A topologist wants to construct a continuous function f: X → [0,1] that equals 0 on one closed set F₁ and 1 on a disjoint closed set F₂. What is the minimum topological property X must have?
AHausdorff (T₂): any two distinct points can be separated by open sets
BRegularity (T₃): any point and disjoint closed set can be separated by open sets
CNormality (T₄): any two disjoint closed sets can be separated by open sets
DCompactness: every open cover has a finite subcover
Urysohn's lemma states precisely this: in a normal space, disjoint closed sets can be separated by a continuous function. Regularity only separates a point from a closed set, which is insufficient. Normality is both necessary and sufficient for Urysohn's lemma.
Question 2 Multiple Choice
In the metric-space proof that all metric spaces are normal, what are the separating open sets constructed for disjoint closed sets F₁ and F₂?
AOpen balls of radius 1 centered at each point of Fᵢ
BUᵢ = {x : d(x, Fᵢ) < d(x, Fⱼ)} for i ≠ j
CThe complements X \ Fᵢ, which are open since Fᵢ are closed
DSets constructed inductively using Zorn's lemma
The sets Uᵢ = {x : d(x, Fᵢ) < d(x, Fⱼ)} work: each contains its Fᵢ (since d(x, Fᵢ) = 0 < d(x, Fⱼ) for x ∈ Fᵢ when the sets are disjoint closed), they are open (the distance function is continuous), and they are disjoint (a point can't be closer to each set than to the other simultaneously).
Question 3 True / False
In a normal space, any continuous function defined on a closed subspace can be extended to a continuous function on the entire space.
TTrue
FFalse
Answer: True
This is the Tietze extension theorem, which follows directly from normality via Urysohn's lemma. The proof iteratively constructs extensions with geometrically shrinking error. This is one of the primary reasons normality matters in analysis.
Question 4 True / False
Most regular (T₃) space is also normal (T₄), because if you can separate a point from a closed set, you can separate two closed sets from each other.
TTrue
FFalse
Answer: False
Regularity does not imply normality. Separating a point from a closed set is easier than separating two arbitrary closed sets. There exist regular spaces that are not normal (e.g., the Sorgenfrey plane). The implication goes the other way: compact Hausdorff spaces are normal, but compact Hausdorff implies more than T₃.
Question 5 Short Answer
Why is normality the key hypothesis in Urysohn's lemma, and what does the lemma produce that makes normality so valuable for analysis?
Think about your answer, then reveal below.

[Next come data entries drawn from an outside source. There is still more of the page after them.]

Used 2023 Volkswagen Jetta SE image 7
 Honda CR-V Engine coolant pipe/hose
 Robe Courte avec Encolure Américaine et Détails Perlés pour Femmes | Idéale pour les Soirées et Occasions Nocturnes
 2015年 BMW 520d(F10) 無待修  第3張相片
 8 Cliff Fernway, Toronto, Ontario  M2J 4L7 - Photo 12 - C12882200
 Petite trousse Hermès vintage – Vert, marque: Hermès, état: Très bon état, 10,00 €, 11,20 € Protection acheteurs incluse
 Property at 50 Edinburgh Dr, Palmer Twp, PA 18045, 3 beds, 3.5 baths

Model answer: Normality guarantees that two disjoint closed sets can be surrounded by disjoint open sets, which lets you build a nested family of open sets U_r indexed by rationals in [0,1] with F₁ ⊂ U_r and cl(U_r) ⊂ U_s for r < s. Defining f(x) = inf{r : x ∈ U_r} gives a continuous function separating F₁ and F₂. The lemma produces a continuous real-valued function with prescribed values on closed sets — bridging purely topological separation to the analytic tools of continuous functions.
Without normality you cannot build the required nesting of open sets, so the construction breaks down. The value of the lemma is that it converts a topological condition (open-set separation) into an analytic object (a continuous function), which then enables the Tietze extension theorem and makes normal spaces behave well in functional analysis.